◆ What the task requires: In the entries below, the word "Jacket" appears on some lines. Copy each of those lines.

Stored entries:
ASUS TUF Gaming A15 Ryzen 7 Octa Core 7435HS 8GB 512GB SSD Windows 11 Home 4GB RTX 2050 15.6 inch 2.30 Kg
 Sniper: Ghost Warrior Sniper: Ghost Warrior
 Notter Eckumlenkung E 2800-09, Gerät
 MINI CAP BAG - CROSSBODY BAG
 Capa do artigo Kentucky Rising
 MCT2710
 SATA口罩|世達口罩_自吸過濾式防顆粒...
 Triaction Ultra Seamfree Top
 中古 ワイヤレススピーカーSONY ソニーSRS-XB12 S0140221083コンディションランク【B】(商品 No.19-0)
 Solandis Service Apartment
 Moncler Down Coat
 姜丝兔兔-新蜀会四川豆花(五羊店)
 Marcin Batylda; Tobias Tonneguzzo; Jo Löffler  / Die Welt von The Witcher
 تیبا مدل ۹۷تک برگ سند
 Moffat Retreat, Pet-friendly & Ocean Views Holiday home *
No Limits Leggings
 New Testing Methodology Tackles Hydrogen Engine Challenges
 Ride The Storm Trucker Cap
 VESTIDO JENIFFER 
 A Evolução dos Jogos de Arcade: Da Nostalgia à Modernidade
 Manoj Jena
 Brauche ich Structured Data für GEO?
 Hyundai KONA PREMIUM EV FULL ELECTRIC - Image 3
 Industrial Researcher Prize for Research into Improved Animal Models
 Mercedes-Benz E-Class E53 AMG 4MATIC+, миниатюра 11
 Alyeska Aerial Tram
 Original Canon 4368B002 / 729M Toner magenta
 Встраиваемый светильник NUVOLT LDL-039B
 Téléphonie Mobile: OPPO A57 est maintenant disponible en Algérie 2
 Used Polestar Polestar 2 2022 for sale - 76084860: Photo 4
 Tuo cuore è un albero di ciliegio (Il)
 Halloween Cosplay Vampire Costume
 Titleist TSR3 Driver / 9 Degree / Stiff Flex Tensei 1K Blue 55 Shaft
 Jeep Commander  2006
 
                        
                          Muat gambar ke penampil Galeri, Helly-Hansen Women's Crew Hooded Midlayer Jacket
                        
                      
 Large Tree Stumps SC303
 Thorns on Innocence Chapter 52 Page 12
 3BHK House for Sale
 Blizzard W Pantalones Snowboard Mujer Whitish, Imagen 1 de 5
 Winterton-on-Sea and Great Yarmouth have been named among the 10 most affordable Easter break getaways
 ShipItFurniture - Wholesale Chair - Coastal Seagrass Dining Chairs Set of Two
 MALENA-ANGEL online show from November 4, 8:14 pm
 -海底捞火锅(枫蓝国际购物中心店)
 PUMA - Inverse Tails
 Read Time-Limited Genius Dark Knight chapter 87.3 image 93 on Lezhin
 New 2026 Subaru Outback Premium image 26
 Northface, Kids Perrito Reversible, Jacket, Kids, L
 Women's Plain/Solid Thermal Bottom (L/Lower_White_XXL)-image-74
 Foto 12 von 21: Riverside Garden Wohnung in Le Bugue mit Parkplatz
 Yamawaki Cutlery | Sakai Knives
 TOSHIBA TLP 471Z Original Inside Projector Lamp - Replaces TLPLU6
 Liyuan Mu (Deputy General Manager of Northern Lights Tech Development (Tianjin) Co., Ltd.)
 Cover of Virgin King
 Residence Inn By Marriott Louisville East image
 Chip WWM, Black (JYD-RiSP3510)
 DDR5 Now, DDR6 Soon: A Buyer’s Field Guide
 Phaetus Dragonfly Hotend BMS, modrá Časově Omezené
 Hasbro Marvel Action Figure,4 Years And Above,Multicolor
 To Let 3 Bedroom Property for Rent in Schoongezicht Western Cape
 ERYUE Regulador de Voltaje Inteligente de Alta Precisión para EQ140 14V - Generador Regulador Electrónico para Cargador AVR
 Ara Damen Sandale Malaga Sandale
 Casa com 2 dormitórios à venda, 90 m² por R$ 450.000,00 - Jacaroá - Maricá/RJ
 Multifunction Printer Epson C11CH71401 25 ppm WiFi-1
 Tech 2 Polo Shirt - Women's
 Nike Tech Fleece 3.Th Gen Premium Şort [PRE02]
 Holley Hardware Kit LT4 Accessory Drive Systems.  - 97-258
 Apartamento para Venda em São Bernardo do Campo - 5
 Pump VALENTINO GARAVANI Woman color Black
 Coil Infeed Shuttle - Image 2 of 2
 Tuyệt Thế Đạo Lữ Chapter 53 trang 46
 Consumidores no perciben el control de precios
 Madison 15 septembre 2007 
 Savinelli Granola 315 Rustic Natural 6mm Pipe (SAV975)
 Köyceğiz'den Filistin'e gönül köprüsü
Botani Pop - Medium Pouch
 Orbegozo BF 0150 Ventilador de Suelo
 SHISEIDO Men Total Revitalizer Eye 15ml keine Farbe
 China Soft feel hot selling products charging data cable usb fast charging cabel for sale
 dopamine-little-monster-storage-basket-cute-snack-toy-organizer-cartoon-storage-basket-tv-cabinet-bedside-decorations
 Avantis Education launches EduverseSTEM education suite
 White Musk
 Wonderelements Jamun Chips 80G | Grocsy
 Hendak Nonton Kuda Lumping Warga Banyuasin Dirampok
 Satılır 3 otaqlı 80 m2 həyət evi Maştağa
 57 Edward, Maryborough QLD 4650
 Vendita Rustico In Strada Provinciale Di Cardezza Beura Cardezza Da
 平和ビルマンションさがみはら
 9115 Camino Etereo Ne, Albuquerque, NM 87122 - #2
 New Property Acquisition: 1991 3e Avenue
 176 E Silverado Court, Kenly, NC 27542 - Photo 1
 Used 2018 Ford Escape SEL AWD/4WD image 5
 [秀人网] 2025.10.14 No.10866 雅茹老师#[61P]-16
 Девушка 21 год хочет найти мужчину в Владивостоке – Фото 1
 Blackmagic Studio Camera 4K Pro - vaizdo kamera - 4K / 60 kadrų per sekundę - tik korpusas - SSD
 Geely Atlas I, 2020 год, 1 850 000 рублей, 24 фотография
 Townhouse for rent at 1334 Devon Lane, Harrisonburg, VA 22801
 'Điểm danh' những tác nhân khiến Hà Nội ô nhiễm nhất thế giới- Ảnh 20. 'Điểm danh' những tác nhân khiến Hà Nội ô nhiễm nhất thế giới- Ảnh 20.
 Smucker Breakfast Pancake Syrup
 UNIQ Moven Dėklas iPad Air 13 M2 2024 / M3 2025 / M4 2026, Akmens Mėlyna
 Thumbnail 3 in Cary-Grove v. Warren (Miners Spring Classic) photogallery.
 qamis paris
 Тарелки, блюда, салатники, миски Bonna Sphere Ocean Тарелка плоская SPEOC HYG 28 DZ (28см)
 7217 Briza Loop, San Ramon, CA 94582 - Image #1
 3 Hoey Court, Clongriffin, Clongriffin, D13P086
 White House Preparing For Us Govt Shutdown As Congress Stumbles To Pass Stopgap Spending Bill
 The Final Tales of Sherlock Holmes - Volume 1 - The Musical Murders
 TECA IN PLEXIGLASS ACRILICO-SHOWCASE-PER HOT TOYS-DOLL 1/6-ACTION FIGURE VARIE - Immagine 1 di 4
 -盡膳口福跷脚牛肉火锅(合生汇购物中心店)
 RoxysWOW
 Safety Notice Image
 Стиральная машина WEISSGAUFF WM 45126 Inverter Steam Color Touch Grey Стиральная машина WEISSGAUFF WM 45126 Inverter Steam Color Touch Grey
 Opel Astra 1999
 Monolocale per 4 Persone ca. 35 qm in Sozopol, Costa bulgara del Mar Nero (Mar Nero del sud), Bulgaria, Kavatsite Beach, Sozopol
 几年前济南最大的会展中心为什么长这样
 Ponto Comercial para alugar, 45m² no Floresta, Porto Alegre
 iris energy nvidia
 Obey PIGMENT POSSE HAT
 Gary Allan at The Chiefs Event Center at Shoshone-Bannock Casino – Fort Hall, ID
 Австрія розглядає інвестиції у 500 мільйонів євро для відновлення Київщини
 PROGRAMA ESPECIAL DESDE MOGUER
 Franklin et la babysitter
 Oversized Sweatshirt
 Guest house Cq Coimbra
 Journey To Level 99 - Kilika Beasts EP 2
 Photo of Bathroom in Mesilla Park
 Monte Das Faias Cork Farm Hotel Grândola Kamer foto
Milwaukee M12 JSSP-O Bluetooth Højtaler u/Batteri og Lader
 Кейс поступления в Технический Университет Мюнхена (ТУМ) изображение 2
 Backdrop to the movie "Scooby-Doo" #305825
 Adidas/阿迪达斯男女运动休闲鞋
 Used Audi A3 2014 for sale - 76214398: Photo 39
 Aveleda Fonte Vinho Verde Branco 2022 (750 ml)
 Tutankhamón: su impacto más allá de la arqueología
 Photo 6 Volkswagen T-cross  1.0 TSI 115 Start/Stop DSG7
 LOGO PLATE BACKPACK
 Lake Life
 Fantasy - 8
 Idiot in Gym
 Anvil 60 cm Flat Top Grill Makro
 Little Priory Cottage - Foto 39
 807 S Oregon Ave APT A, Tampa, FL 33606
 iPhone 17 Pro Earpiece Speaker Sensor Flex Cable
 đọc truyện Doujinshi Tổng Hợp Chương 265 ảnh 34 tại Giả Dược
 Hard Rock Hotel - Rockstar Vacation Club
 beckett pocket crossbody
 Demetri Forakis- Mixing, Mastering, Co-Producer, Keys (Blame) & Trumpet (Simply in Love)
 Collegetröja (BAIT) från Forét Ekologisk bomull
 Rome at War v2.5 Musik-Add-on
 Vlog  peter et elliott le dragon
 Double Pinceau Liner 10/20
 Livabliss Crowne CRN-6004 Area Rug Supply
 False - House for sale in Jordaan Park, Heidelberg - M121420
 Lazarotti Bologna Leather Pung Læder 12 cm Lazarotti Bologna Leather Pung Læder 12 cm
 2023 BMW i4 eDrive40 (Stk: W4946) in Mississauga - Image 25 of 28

◆ Exercise response:
                          Muat gambar ke penampil Galeri, Helly-Hansen Women's Crew Hooded Midlayer Jacket
 Northface, Kids Perrito Reversible, Jacket, Kids, L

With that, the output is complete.